【この人に聞く・熊本地震①】県建設業協会の橋口光徳会長 復旧復興、今後の課題は? 「地中の被害、未知の対応に」
県内に甚大な被害をもたらした熊本地震。応急復旧の後には、本格的な復旧復興も控える。工事の担い手となる県内建設業界の災害対応や今後の課題について、県建設業協会の橋口光徳会長に聞いた。(太路秀紀)
-発生直後の初期対応はいかがでしたか。
「4月16日の本震発生後は阿蘇方面への連絡もつきにくく、状況把握も困難だった。そんな中で国の初動は早かった。阿蘇へは国土交通省のチームが大分県の建設業者を連れて同県側から乗り込み、熊本県内の態勢が整うまで、重機を使った救助などに当たった」
「台風などの風水害であれば発生前に備えることもできるし、県内建設業界も対応経験がある。しかし、巨大地震は未経験。協会では現在、前震以降の本部や支部の対応を時系列にまとめている。
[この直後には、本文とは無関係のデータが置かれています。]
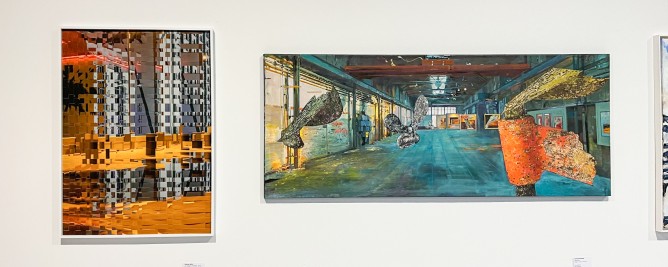 Zwei abstrakte Kunstwerke hängen auf einer weißen Wand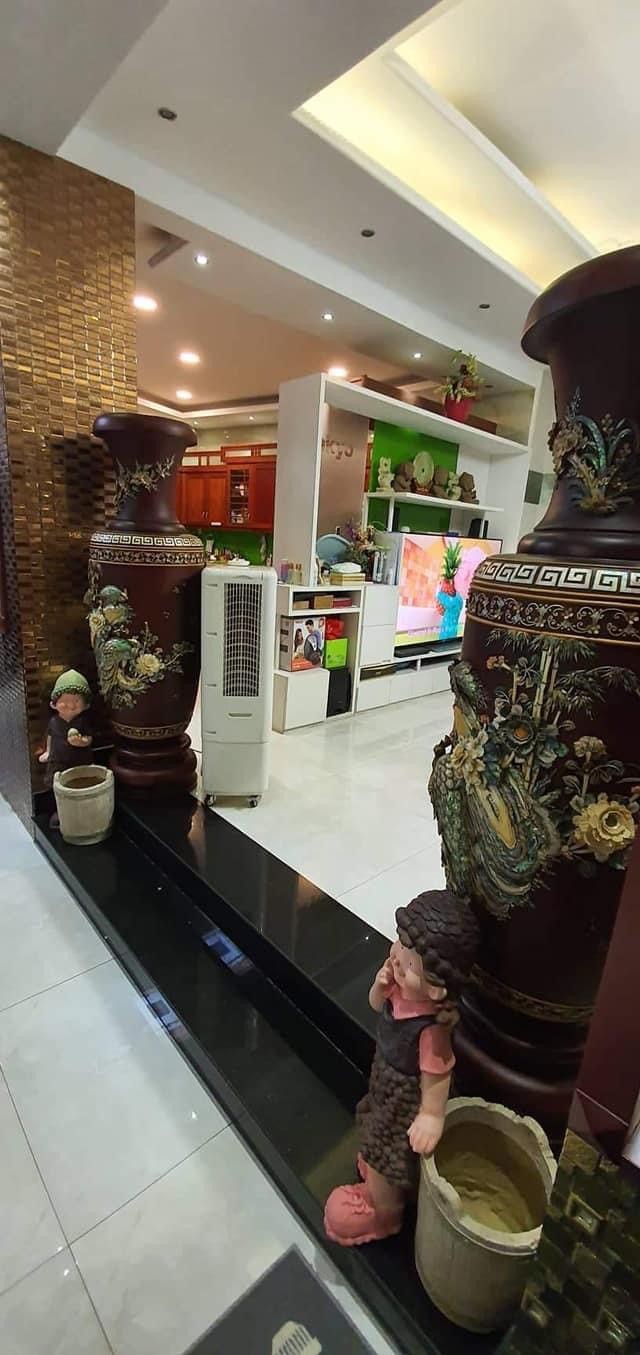 Bán Nhà Tân Bình Biệt Thự Mặtt Tiền 142m2 4 tầng 6x20m Nở Hậu 11m. Giá 25 tỷ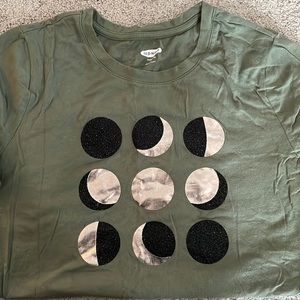 Old navy moon phase tee sparkles large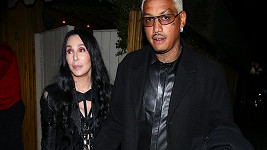 Cher po večeři v restauraci odcházela s Alexanderem ruku v ruce. 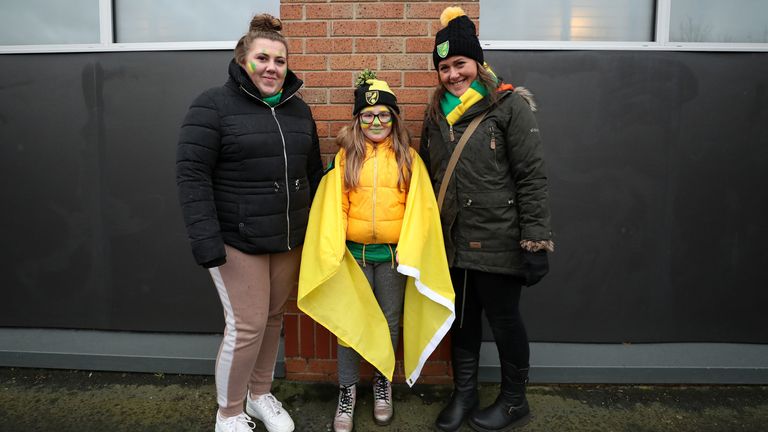 GAME CHANGER - Norwich City fans pose for a photo ahead of the game against Liverpool

NORWICH, ENGLAND - FEBRUARY 15: Fans of Norwich City ahead of the Premier League match between Norwich City and Liverpool FC at Carrow Road on February 15, 2020 in Norwich, United Kingdom. (Photo by Catherine Ivill/Getty Images)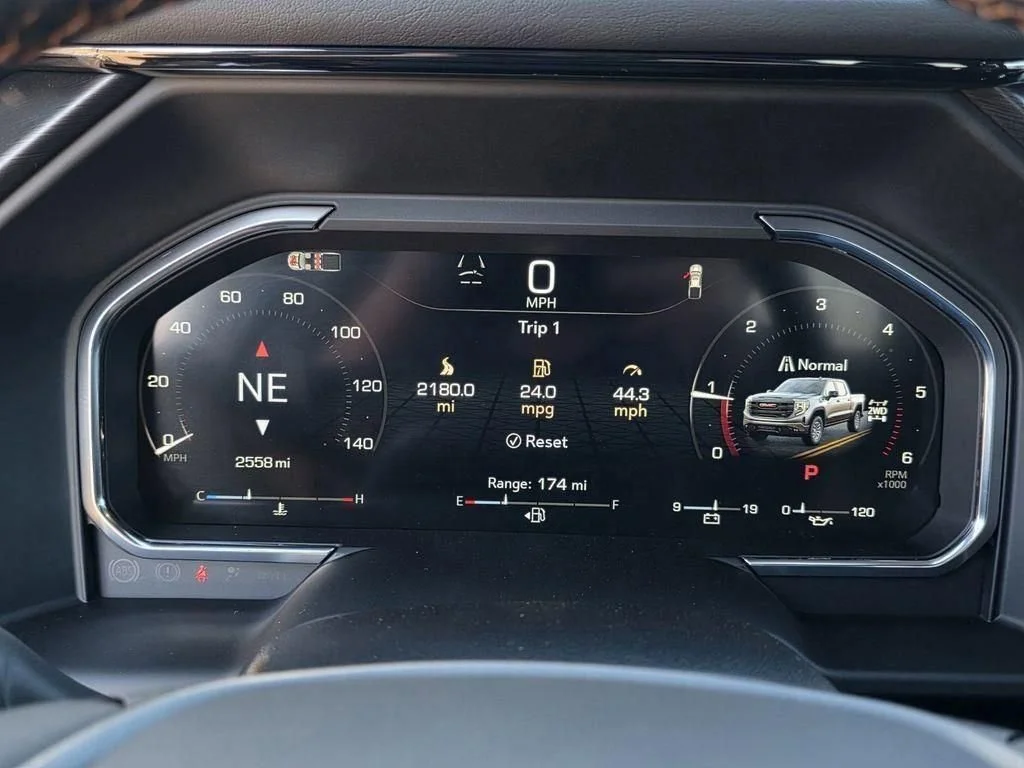2026 GMC Sierra 1500 AT4 - Photo 9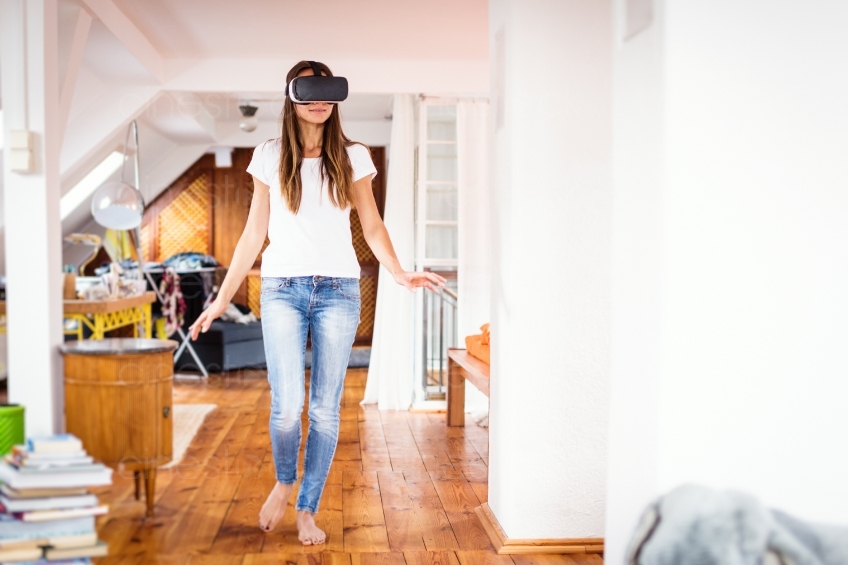 Frau läuft mit VR-Brille durch die Wohnung 20160810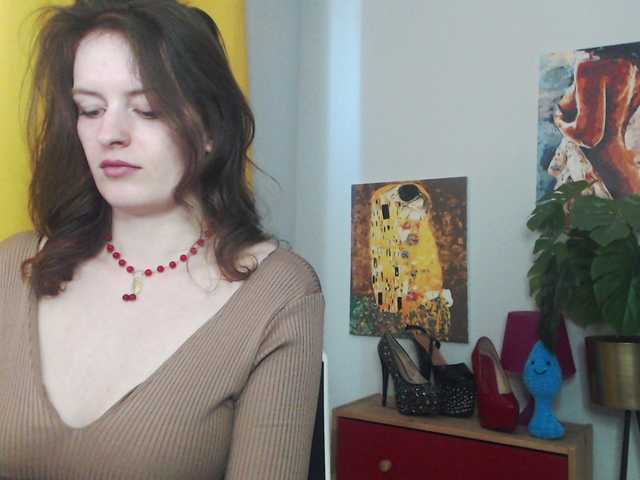 Live sex webcam photo for NadineGold #291258577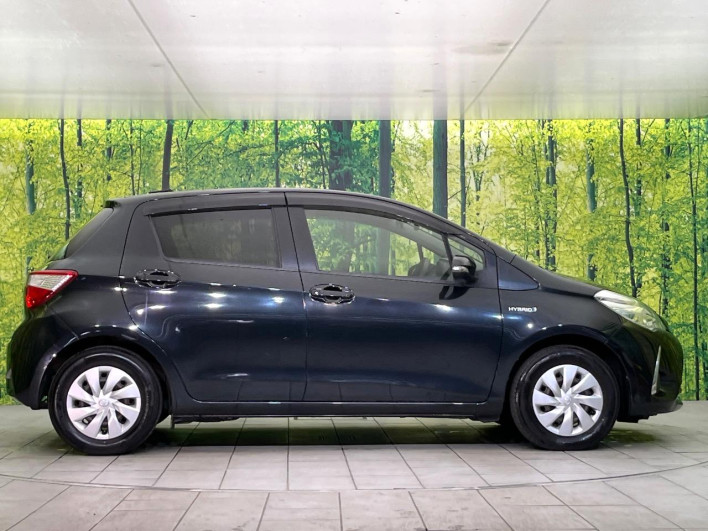 2017 Toyota Vitz DAA-NHP130 (UW-6a126cdccddc4)[17]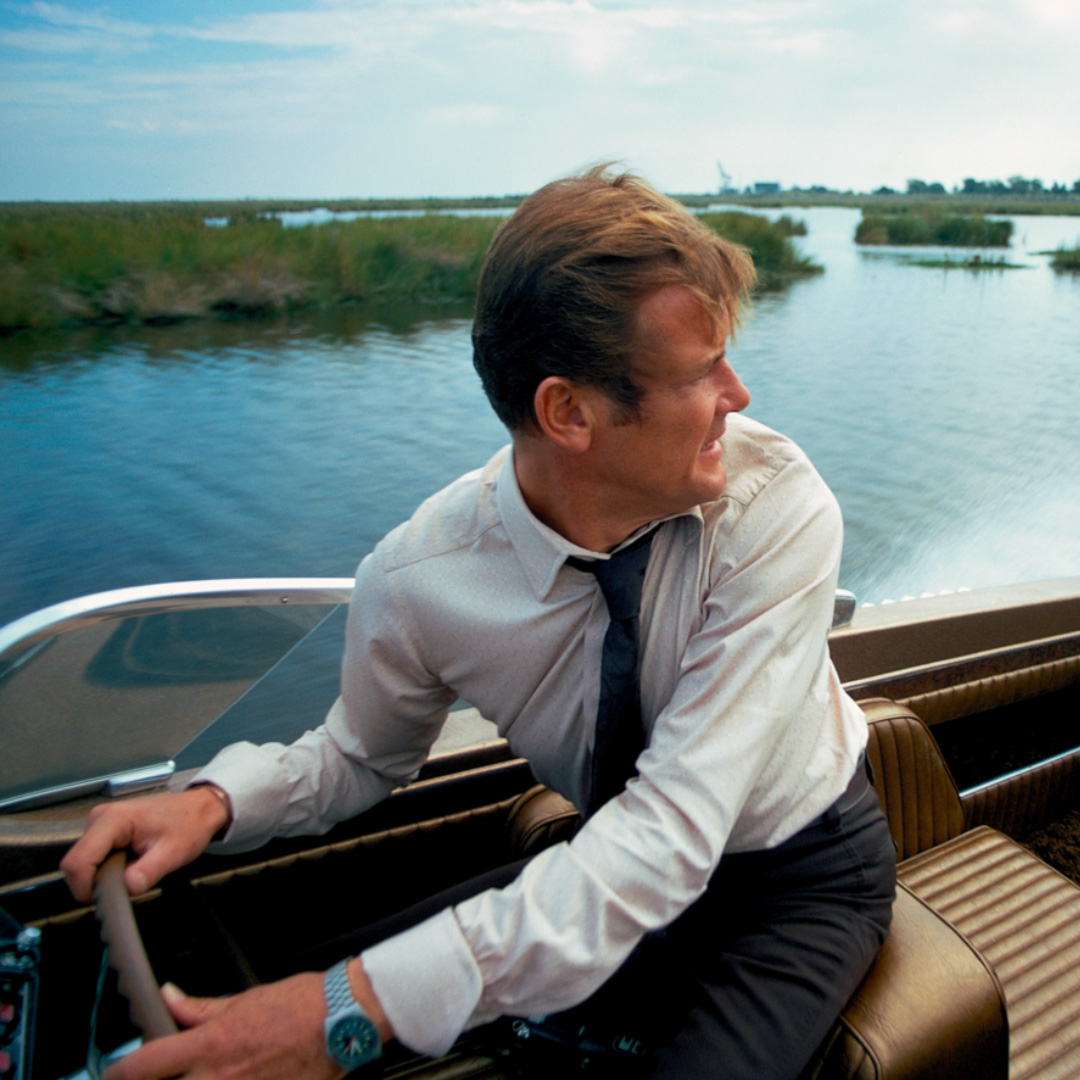 James Bond tweet media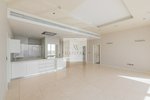 2 bedrooms Apartment in Palm Jumeirah, UAE No. 51038 - Image 2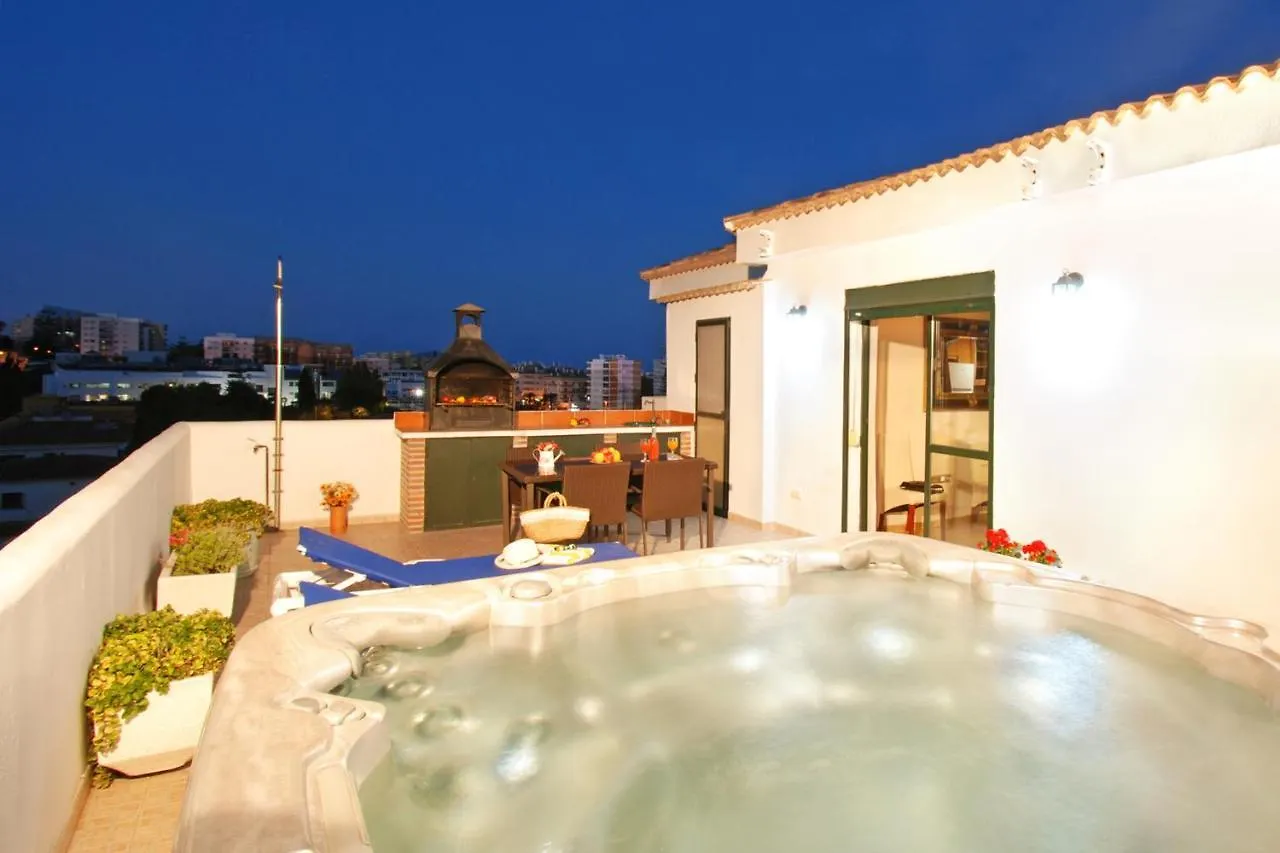 Апартаменты Isla De Benalmadena 1, Jacuzzi, 80M From The Sea, Ac, Bbq, Private Parking, Big Terrace 0*,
冊子にして全国の協会に配るつもりだ」
-復旧復興工事が本格化すれば人手不足も懸念されます。
「地震がなくても建築分野で今後、人手不足が顕在化すると予測していた。震災対応で加速しそうだ。復興需要が出てくるのは、設計や測量を終えた来年以降。通常の公共事業に行政の手が回らない中、それを当てにしていた小規模業者の廃業が深刻化しないかも心配だ」
-被災地は工事量が膨大で、入札が成り立つのでしょうか。
「被害が集中した地域では、地元業者が仕事を受けきれずに入札が成立しない事態も懸念される。県内の公共事業に関しては長年、業界内に植えつけられた県地域振興局ごとの縄張り意識がある。しかし、今回のような災害では、オール熊本で対応しないと間に合わない。県は災害対応に限定した制度改革も考えてほしい」
-今後の課題は何でしょうか。
「震災では下水管やくいのように、地中の見えていない部分にも問題があるかもしれない。県内建設業界としても未知の対応だ。協会から6月初め、東日本大震災を経験した宮城県に人を派遣して、勉強させる予定だ」
「災害列島である日本では、公共事業費は国土保全費の意味も持つ。協会は復興に向けたスローガンを『歩み出そう未来へ』に決めた。業界一丸で復旧復興に取り組む覚悟だ」
◇
熊本地震の現状と今後について、各界のキーパーソンにインタビューする。